Task brief:
Every entry must be given again exactly as it is written.
─── Dataset excerpts
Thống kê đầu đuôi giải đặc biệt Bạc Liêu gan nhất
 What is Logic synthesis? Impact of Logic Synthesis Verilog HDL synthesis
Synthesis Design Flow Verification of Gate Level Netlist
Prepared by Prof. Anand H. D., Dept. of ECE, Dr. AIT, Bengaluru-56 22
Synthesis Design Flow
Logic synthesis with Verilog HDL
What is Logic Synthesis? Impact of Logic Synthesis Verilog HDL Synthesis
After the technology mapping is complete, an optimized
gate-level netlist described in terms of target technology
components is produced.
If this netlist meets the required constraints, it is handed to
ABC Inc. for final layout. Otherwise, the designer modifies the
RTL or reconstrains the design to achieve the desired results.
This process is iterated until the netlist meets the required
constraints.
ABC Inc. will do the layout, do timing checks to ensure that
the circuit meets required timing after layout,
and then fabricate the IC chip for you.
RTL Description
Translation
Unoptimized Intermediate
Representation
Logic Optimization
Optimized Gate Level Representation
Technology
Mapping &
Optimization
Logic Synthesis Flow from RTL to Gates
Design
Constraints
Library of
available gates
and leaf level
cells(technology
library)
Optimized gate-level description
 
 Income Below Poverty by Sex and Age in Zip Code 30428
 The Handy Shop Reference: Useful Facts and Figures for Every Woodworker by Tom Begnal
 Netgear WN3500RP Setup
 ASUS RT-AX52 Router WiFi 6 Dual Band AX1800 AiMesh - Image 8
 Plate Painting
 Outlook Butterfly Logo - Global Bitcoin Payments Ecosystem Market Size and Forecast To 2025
──────
Solved exercise:
Thống kê đầu đuôi giải đặc biệt Bạc Liêu gan nhất
 What is Logic synthesis? Impact of Logic Synthesis Verilog HDL synthesis
Synthesis Design Flow Verification of Gate Level Netlist
Prepared by Prof. Anand H. D., Dept. of ECE, Dr. AIT, Bengaluru-56 22
Synthesis Design Flow
Logic synthesis with Verilog HDL
What is Logic Synthesis? Impact of Logic Synthesis Verilog HDL Synthesis
After the technology mapping is complete, an optimized
gate-level netlist described in terms of target technology
components is produced.
If this netlist meets the required constraints, it is handed to
ABC Inc. for final layout. Otherwise, the designer modifies the
RTL or reconstrains the design to achieve the desired results.
This process is iterated until the netlist meets the required
constraints.
ABC Inc. will do the layout, do timing checks to ensure that
the circuit meets required timing after layout,
and then fabricate the IC chip for you.
RTL Description
Translation
Unoptimized Intermediate
Representation
Logic Optimization
Optimized Gate Level Representation
Technology
Mapping &
Optimization
Logic Synthesis Flow from RTL to Gates
Design
Constraints
Library of
available gates
and leaf level
cells(technology
library)
Optimized gate-level description
 
 Income Below Poverty by Sex and Age in Zip Code 30428
 The Handy Shop Reference: Useful Facts and Figures for Every Woodworker by Tom Begnal
 Netgear WN3500RP Setup
 ASUS RT-AX52 Router WiFi 6 Dual Band AX1800 AiMesh - Image 8
 Plate Painting
 Outlook Butterfly Logo - Global Bitcoin Payments Ecosystem Market Size and Forecast To 2025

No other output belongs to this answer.